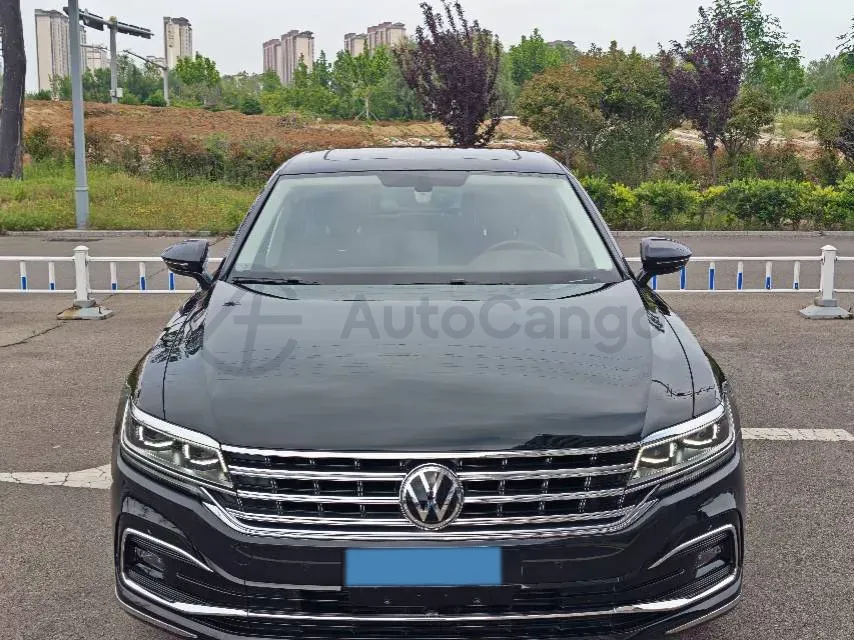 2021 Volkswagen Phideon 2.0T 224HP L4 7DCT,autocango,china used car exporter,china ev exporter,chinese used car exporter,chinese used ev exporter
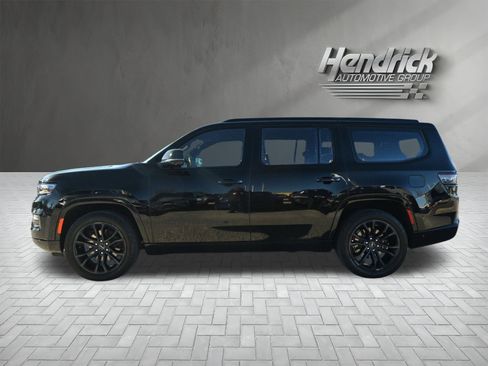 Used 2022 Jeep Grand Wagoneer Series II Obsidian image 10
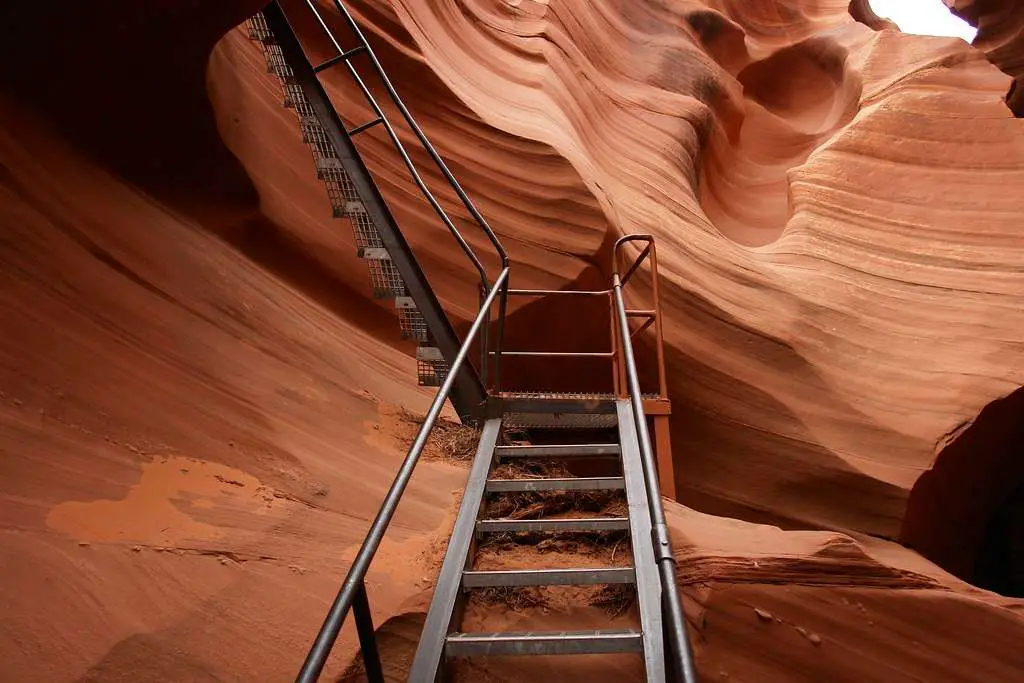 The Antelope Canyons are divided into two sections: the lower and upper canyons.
====================
Restate the whole listing exactly as written, minus the pictures.

- [EXERCISE SOLUTION]:
 2021 Volkswagen Phideon 2.0T 224HP L4 7DCT,autocango,china used car exporter,china ev exporter,chinese used car exporter,chinese used ev exporter
 Used 2022 Jeep Grand Wagoneer Series II Obsidian image 10
 The Antelope Canyons are divided into two sections: the lower and upper canyons.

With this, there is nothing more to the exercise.